____ DATA FOR REVIEW

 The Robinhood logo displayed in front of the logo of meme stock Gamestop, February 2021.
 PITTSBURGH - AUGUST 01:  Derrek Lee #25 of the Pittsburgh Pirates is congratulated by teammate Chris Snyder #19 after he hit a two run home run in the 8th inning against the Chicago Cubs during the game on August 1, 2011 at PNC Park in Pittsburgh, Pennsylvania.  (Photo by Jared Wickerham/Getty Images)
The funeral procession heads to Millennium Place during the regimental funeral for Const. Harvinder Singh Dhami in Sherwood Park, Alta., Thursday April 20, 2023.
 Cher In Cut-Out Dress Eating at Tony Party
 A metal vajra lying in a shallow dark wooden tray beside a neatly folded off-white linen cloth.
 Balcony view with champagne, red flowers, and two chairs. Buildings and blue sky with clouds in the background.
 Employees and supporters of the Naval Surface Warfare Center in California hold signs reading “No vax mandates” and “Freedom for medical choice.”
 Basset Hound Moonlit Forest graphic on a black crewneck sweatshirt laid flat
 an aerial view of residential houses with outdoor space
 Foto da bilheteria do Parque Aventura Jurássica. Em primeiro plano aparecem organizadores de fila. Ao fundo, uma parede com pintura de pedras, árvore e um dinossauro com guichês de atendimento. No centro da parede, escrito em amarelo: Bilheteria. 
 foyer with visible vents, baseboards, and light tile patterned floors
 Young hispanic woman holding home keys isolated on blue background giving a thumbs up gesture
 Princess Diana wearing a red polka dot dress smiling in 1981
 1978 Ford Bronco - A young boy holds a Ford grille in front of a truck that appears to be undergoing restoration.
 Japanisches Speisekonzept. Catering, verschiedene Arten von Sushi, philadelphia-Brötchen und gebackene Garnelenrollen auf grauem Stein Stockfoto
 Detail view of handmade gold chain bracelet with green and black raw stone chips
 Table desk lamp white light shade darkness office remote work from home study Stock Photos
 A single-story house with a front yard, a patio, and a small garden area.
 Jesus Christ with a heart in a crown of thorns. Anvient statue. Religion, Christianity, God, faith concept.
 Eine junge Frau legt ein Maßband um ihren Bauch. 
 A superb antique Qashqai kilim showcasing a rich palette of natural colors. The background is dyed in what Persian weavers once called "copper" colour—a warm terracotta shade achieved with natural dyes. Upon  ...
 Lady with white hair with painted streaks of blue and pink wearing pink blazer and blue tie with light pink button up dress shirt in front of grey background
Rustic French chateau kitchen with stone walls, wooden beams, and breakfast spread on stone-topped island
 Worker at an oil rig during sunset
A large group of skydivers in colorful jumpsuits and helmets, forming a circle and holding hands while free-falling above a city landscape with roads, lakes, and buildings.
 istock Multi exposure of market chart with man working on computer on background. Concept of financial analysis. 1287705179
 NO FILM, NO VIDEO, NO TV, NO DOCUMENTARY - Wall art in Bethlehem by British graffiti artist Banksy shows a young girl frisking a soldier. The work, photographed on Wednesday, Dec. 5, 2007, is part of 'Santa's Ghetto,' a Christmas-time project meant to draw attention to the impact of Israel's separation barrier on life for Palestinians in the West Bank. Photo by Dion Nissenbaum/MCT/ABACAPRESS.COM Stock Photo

________

## PROBLEM DETAILS
Using the records above, restate word for word the lines from the one with "Lady with white" through the one with "istock Multi exposure", both included.

## TASK ANSWER
 Lady with white hair with painted streaks of blue and pink wearing pink blazer and blue tie with light pink button up dress shirt in front of grey background
Rustic French chateau kitchen with stone walls, wooden beams, and breakfast spread on stone-topped island
 Worker at an oil rig during sunset
A large group of skydivers in colorful jumpsuits and helmets, forming a circle and holding hands while free-falling above a city landscape with roads, lakes, and buildings.
 istock Multi exposure of market chart with man working on computer on background. Concept of financial analysis. 1287705179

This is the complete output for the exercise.